DIRECTORS RESPONSIBILITY STATEMENT:
In pursuance of Section 134(5) of the Companies Act, 2013 read with the rules made there under, including any enactment or re-enactment thereon, the Directors hereby confirm that:
a) In the preparation of the Annual Accounts for the year ending on 31st March 2025, the applicable accounting standards had been followed along with proper explanation relating to material departures;
b) The Directors selected such accounting policies and applied them consistently and made judgments and estimates that are reasonable and prudent so as to give a true and fair view of the state of affairs of the Company at 31st March 2025 and of the Profit of the Company for the period ended on 31st March 2025.
c) The Directors had taken proper and sufficient care for the maintenance of adequate accounting records in accordance with the provisions of the Companies Act, 2013 for safeguarding the assets of the Company and for preventing and detecting fraud and other irregularities.
d) The Directors have prepared the annual accounts on a going concern basis;
e) The Directors had laid down Internal Financial Controls (IFC) and that such Internal Financial Controls are adequate and operating effectively.
f) The Directors had devised proper systems to ensure compliance with the provisions of all applicable laws and that such systems were adequate and operating effectively.
FAMILIARISATION PROGRAMME FOR INDEPENDENT DIRECTORS:
The Company has conducted familiarization programme for Independent Directors during the year. and posted on the website of the Company http://kkiewels.org/ .
BOARD PERFORMANCE EVALUATION:
Pursuant to the provisions of the Act and Regulation 17 of Listing Regulations, the Board has carried out the annual performance evaluation of its own performance and that of its statutory committees Viz., Audit Committee, Stakeholder Relationship Committee, Nomination and Remuneration Committee and also of the individual Directors.
A structured questionnaire was prepared after taking into consideration inputs received from the Directors, covering various aspects of the Boards functioning such as adequacy of the composition of the Board and its Committees, Board culture, execution and performance of specific duties, obligations and governance.
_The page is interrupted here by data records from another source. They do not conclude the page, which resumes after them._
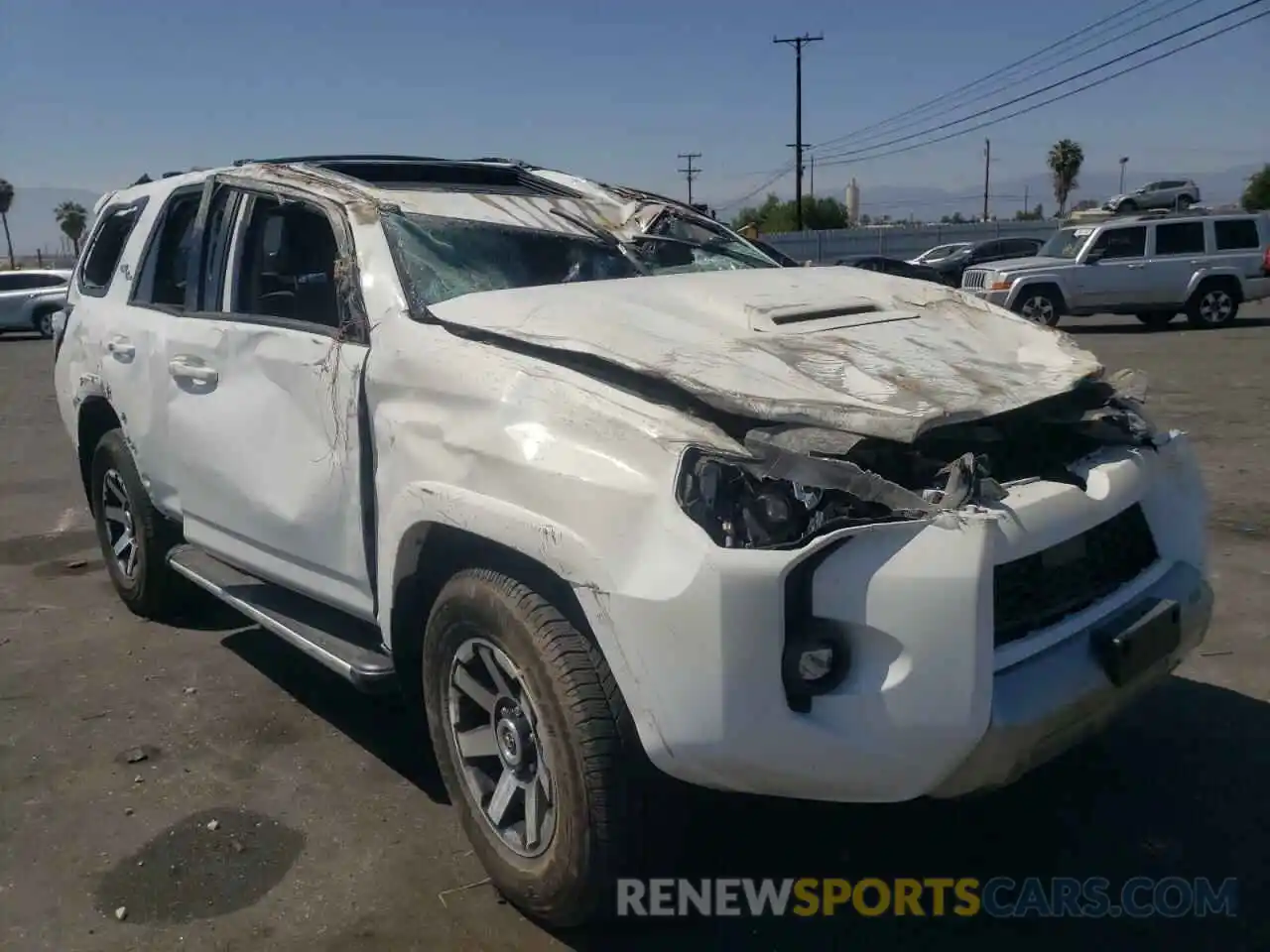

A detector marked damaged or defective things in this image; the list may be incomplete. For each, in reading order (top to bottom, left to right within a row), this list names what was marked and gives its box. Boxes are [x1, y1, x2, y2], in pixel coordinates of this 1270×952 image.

shattered windshield [381, 211, 770, 305]
shattered windshield [1040, 228, 1095, 260]
crumpled hood [427, 264, 1103, 442]
broken headlight [675, 448, 905, 551]
damaged front bumper [572, 432, 1206, 801]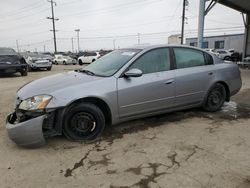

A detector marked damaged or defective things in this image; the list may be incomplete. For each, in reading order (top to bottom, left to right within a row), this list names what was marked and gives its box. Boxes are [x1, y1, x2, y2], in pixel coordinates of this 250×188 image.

damaged front bumper [5, 112, 46, 148]
cracked pavement [0, 65, 250, 187]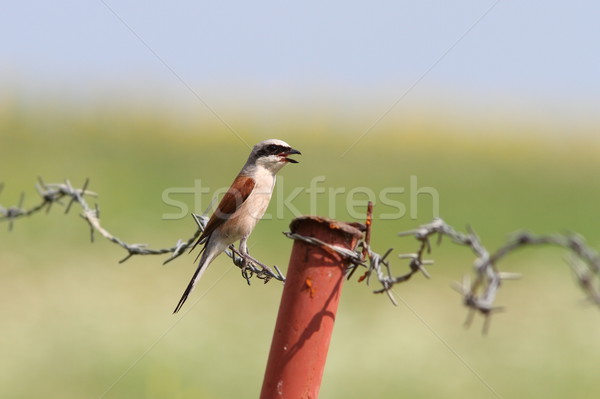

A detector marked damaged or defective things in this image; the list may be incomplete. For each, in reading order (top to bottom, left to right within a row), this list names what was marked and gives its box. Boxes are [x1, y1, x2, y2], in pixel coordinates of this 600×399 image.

rusty metal post [260, 217, 364, 399]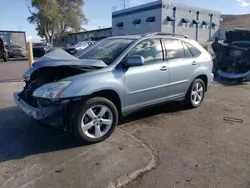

A separate exercise was carried out to evaluate the performance of Directors on parameters such as level of engagement and contribution, independence of judgment safeguarding the interest of the Company and its minority shareholders etc. The entire Board carried out the performance evaluation of the Independent Directors and also reviewed the performance of the Secretarial Department.
As required under the provisions of the Act and the Listing Regulations, a separate meeting of the Independent Directors of the Company was held on 09.03.2025 to evaluate the performance of the Chairman, Non- Independent Directors and the Board as a whole and also to assess the quality, quantity and timeliness of flow of information between the management of the Company and the Board.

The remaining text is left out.